Medienschau: SZ – Carolin Emcke über die Aufgaben von Kunst und Kultur
Neoliberale Unverantwortlichkeit
Neoliberale Unverantwortlichkeit
30. Juli 2023. In ihrer Kolumne in der Süddeutschen Zeitung wendet sich Carolin Emcke vehement gegen den Vorwurf, Kultur finde nur für "die eigene Blase" statt.
Dahinter stecke die Annahme, dass Kultur nur dann relevant sei, wenn sie ein breites Publikum erreiche und gesellschaftliche Probleme löse. "Als seien diejenigen, die sich für Kultur interessieren, das falsche Publikum, schon allein deshalb, weil sie sich bereits interessieren. Als seien Positionen und Argumente, als seien Theater und Musik nur dann relevant, wenn sie auch konsensfähig in jeden sozialen, kulturellen, politischen Kontext hineinstrahlen."

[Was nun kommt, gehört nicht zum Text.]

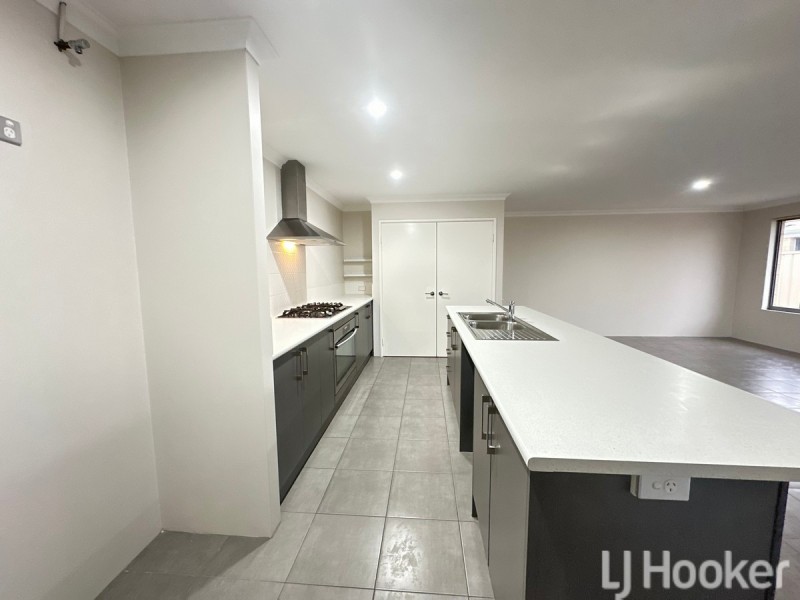 7 Arawatta Loop, Madora Bay WA 6210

Dabei seien Kunst und Kultur eben nicht dazu da, Konsens zu erzeugen oder sich an die Mehrheit anzupassen, den gesellschaftlichen Zusammenhalt zu sichern, die Demokratie zu stärken und zu schützen, zu bilden und zu fördern. Diese politischen Aufgaben dürften nicht auf die Kultur abgewälzt werden. Kunst, Kultur und Wissenschaft "können nur existieren, wenn sie sich nicht dauernd als systemrelevant und nützlich behaupten müssen. Was soll das eigentlich heißen: systemrelevant? Die Kultur kann nicht allein danach beurteilt werden, ob es ihr gelingt, AfD-Wähler oder Querdenker zu erreichen und umzustimmen. Das ist eine neoliberale Unverantwortlichkeit, die den Kulturinstitutionen und den Künstlerinnen aufträgt, was vorher vernachlässigt wurde."
Die Kultur bleibe jener Raum, "in dem es uns möglich ist, etwas anderes zu entdecken, etwas anderes zu verstehen als zuvor gedacht oder gefühlt, die Kultur bleibt der Raum, in dem wir uns ausliefern können den Wahrnehmungen und Erfahrungen anderer, die Literatur, die Musik, der Tanz, die bildende Kunst bleiben der Raum, in dem wir uns angstfrei verstören oder entführen lassen" – unabhängig davon, ob sie die breite Masse erreiche oder gesellschaftliche Probleme löse.